▶ DESCRIPTION OF THE TASK:
Once the pictures are set aside, print the records that follow exactly as written.

Top of DATA PROVIDED

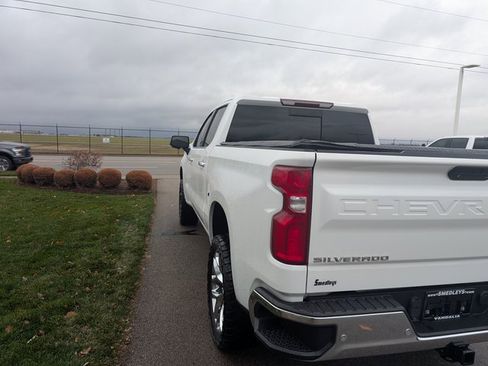 Used 2019 Chevrolet Silverado 1500 LTZ w/ LTZ Premium Package image 10
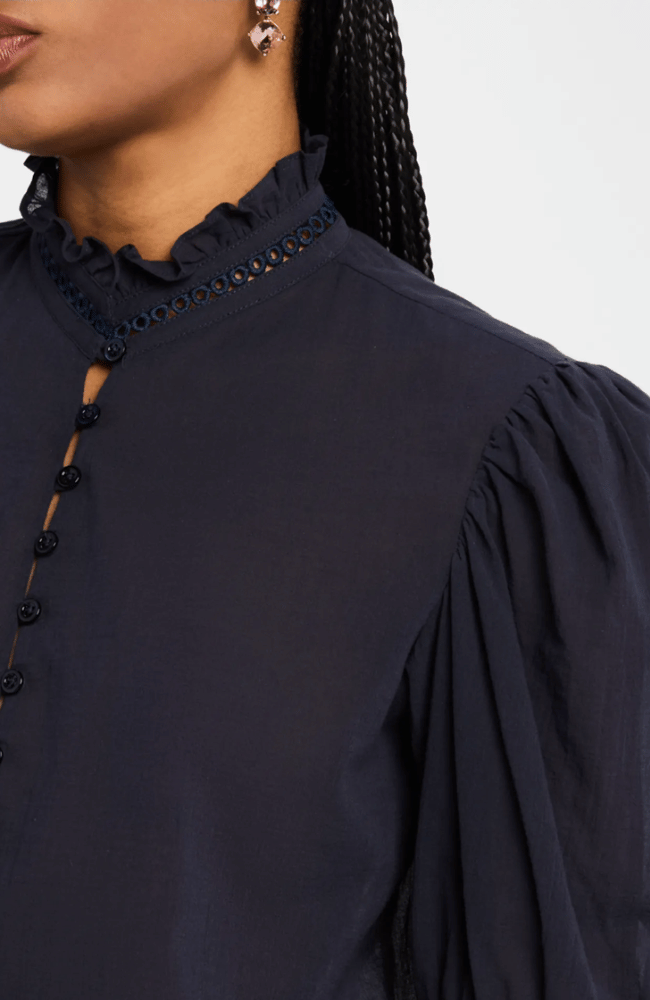 RUFFLE COLLAR TOP - NAVY-FRAME-FLOW by nicole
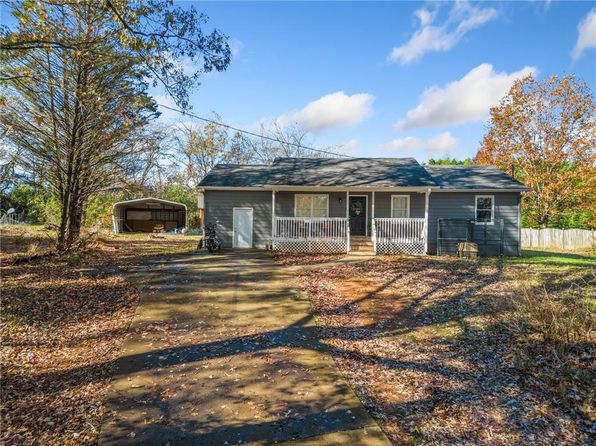 51 Jennifer Ln, Rydal, GA 30171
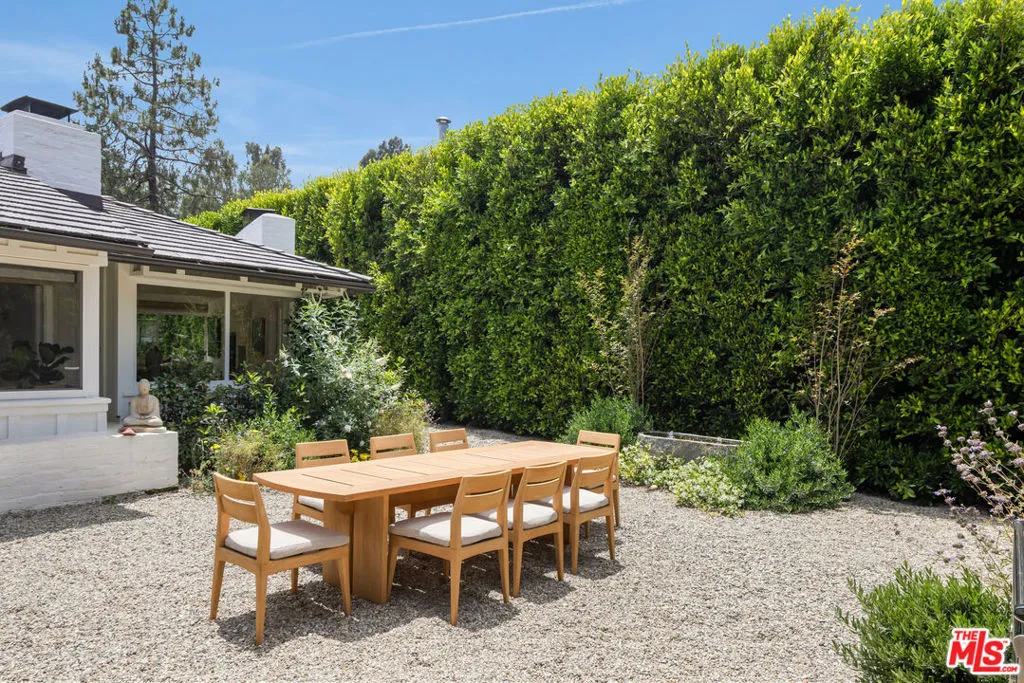 Los Angeles, California 90049, United States, 4 Bedrooms Bedrooms, ,3 BathroomsBathrooms,Residential,Active,173203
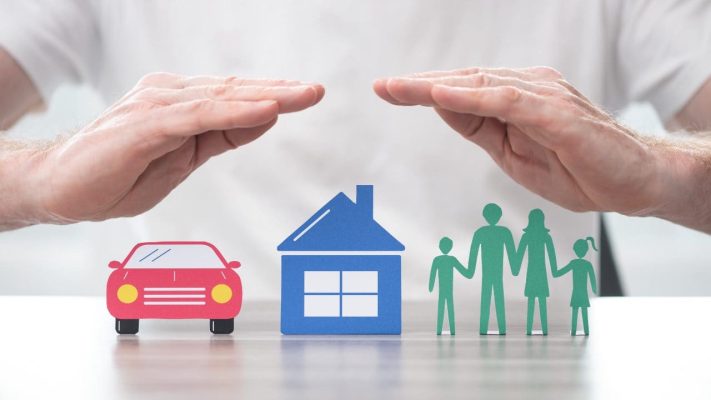 Apply effective personal finance methods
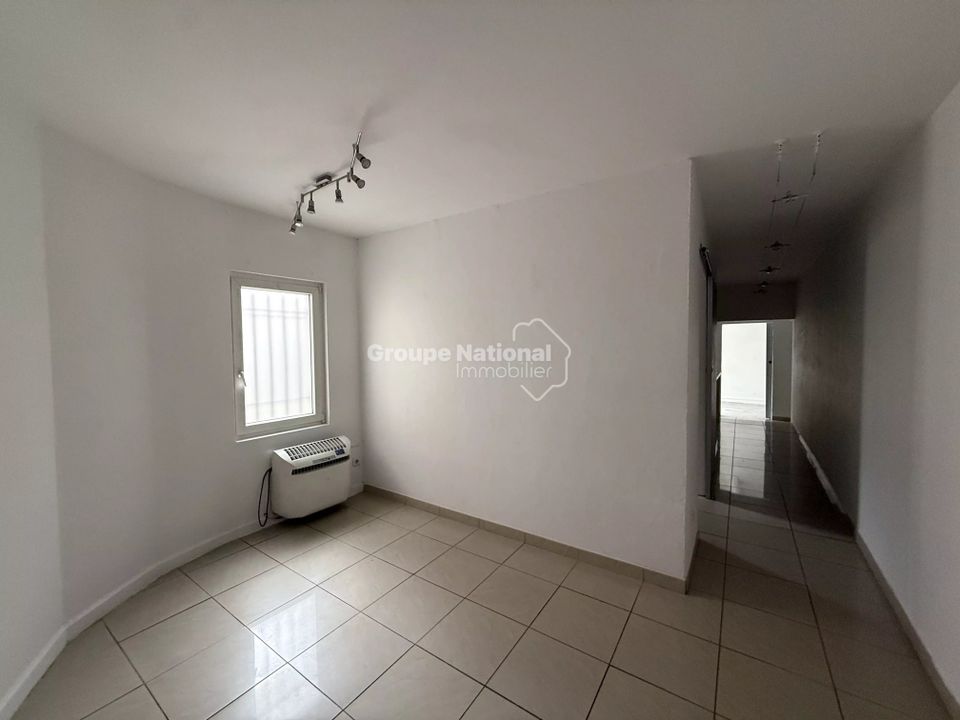 Commercial property in Pernes-les-Fontaines, Vaucluse - photo 1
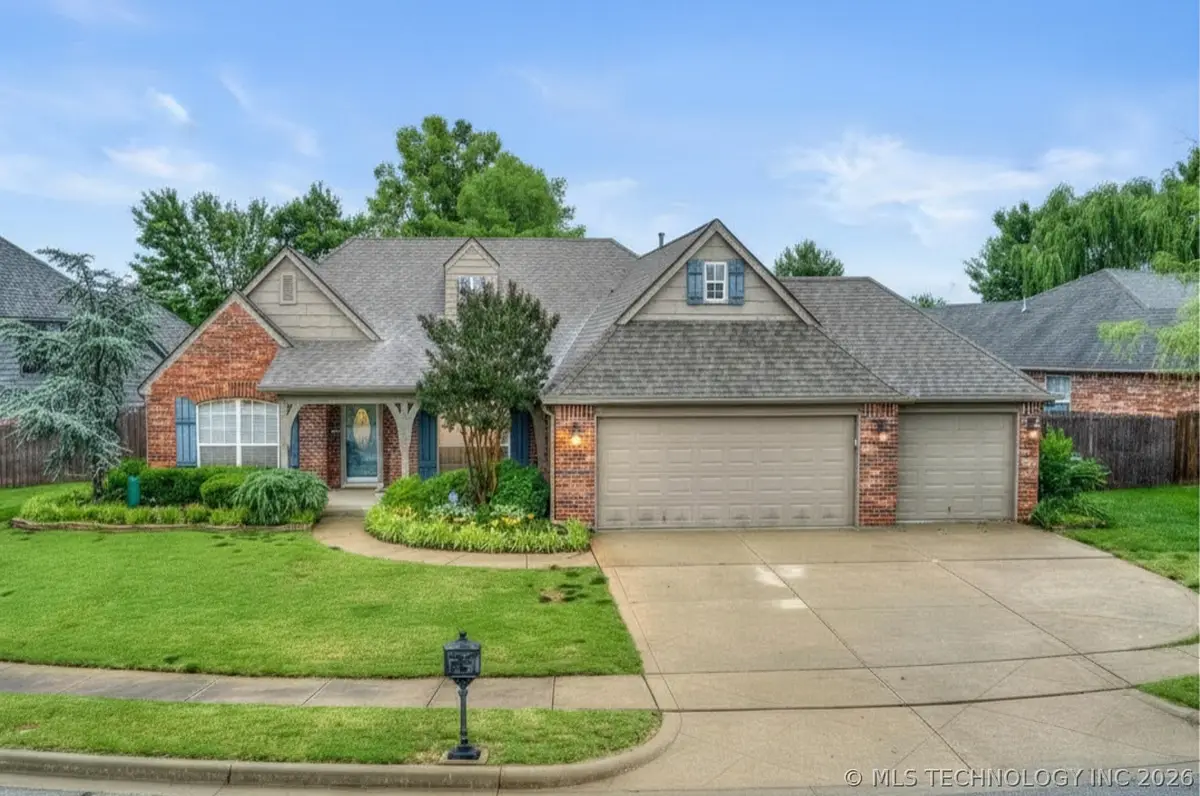 12527 S Ash Avenue, Jenks, OK 74037 - #1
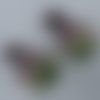 Boucles d'oreilles pendantes rondes marbrées rose fuchsia et vert en pâte polymère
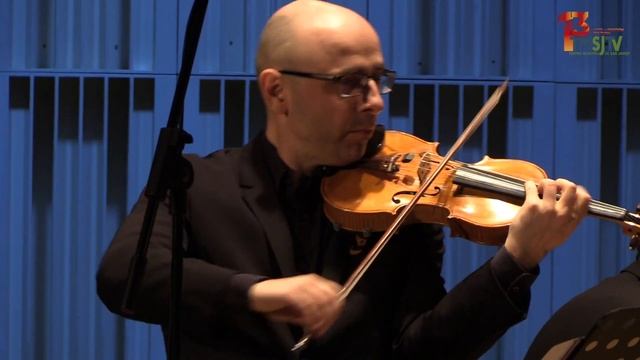 Astor Piazzolla - Escualo | Alexander Abukhovich, violin | Vladimir Khomyakov, piano смотреть онлайн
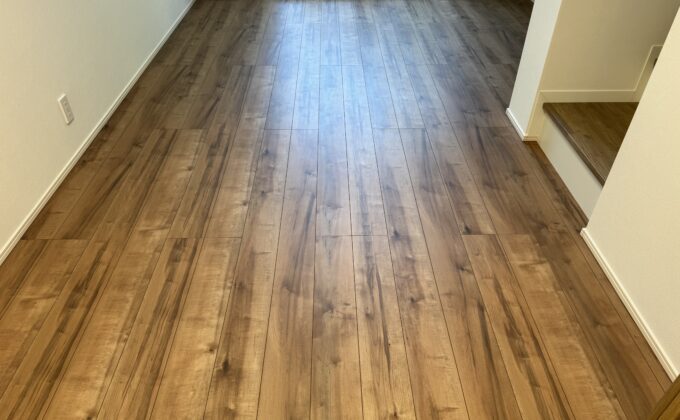 【施工後】群馬県前橋市 ご入居中戸建て Ｍ様邸 ワンニャンすべらんフロアコーティング施工済み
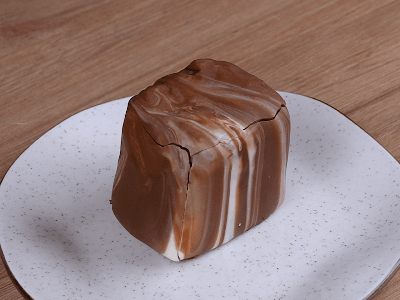 Mini Cake with Swirled Chocolate Shell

Bottom of DATA PROVIDED

▶ REPLY TO THE TASK:
 Used 2019 Chevrolet Silverado 1500 LTZ w/ LTZ Premium Package image 10
 RUFFLE COLLAR TOP - NAVY-FRAME-FLOW by nicole
 51 Jennifer Ln, Rydal, GA 30171
 Los Angeles, California 90049, United States, 4 Bedrooms Bedrooms, ,3 BathroomsBathrooms,Residential,Active,173203
 Apply effective personal finance methods
 Commercial property in Pernes-les-Fontaines, Vaucluse - photo 1
 12527 S Ash Avenue, Jenks, OK 74037 - #1
 Boucles d'oreilles pendantes rondes marbrées rose fuchsia et vert en pâte polymère
 Astor Piazzolla - Escualo | Alexander Abukhovich, violin | Vladimir Khomyakov, piano смотреть онлайн
 【施工後】群馬県前橋市 ご入居中戸建て Ｍ様邸 ワンニャンすべらんフロアコーティング施工済み
 Mini Cake with Swirled Chocolate Shell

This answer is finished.